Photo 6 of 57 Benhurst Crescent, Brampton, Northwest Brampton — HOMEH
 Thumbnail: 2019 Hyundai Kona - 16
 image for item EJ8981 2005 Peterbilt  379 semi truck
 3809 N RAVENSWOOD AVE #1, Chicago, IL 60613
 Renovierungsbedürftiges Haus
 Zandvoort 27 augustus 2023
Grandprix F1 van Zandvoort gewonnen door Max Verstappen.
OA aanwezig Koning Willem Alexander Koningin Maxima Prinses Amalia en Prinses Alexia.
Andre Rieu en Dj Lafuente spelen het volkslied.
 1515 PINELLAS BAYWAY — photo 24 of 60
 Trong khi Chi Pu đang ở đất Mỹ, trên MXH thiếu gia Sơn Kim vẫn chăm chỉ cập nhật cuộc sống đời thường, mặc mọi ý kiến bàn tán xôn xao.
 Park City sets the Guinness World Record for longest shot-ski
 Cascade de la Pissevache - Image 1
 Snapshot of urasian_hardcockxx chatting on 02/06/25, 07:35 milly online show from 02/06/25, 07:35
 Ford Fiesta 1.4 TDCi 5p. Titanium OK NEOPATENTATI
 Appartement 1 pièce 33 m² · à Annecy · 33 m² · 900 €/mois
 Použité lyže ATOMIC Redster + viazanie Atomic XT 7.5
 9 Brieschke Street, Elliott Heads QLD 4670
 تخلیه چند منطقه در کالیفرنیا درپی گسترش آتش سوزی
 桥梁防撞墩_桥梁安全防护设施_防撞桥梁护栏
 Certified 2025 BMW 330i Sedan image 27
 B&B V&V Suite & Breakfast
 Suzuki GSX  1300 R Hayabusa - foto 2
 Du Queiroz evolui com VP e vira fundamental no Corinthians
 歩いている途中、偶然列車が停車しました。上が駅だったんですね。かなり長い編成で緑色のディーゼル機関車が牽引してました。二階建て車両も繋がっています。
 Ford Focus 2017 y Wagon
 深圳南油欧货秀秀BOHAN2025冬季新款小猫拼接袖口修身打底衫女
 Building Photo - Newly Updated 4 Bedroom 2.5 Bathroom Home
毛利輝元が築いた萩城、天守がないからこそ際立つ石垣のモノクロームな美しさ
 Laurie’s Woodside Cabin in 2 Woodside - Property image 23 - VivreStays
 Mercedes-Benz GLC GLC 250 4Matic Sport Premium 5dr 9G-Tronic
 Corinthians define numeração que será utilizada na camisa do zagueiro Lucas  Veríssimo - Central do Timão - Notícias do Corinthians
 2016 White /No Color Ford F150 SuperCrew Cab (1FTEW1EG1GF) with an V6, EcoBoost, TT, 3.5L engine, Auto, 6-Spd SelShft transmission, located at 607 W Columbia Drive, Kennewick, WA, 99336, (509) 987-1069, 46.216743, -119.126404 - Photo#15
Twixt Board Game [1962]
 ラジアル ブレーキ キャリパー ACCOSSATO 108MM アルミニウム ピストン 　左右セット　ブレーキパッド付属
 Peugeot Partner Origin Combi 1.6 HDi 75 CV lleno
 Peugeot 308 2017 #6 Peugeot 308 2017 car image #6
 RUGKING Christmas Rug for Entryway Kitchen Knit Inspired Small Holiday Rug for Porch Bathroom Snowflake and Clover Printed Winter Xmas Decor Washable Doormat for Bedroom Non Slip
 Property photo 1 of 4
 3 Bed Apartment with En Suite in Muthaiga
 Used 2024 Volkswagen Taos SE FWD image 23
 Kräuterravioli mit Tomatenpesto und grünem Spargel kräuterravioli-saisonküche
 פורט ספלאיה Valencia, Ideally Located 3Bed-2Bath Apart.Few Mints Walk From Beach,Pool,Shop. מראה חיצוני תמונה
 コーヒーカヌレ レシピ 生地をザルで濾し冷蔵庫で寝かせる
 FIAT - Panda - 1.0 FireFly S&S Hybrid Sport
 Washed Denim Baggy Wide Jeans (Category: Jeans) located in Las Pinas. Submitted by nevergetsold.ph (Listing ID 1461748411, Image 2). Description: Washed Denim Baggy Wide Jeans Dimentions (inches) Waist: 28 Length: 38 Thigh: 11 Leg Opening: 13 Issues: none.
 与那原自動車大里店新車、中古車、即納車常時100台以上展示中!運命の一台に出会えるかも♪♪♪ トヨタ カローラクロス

========================================

TASK INSTRUCTIONS:
What is the number of lines in the data above that include the word "Zandvoort"? Answer with that number only.

ANSWER SECTION:
2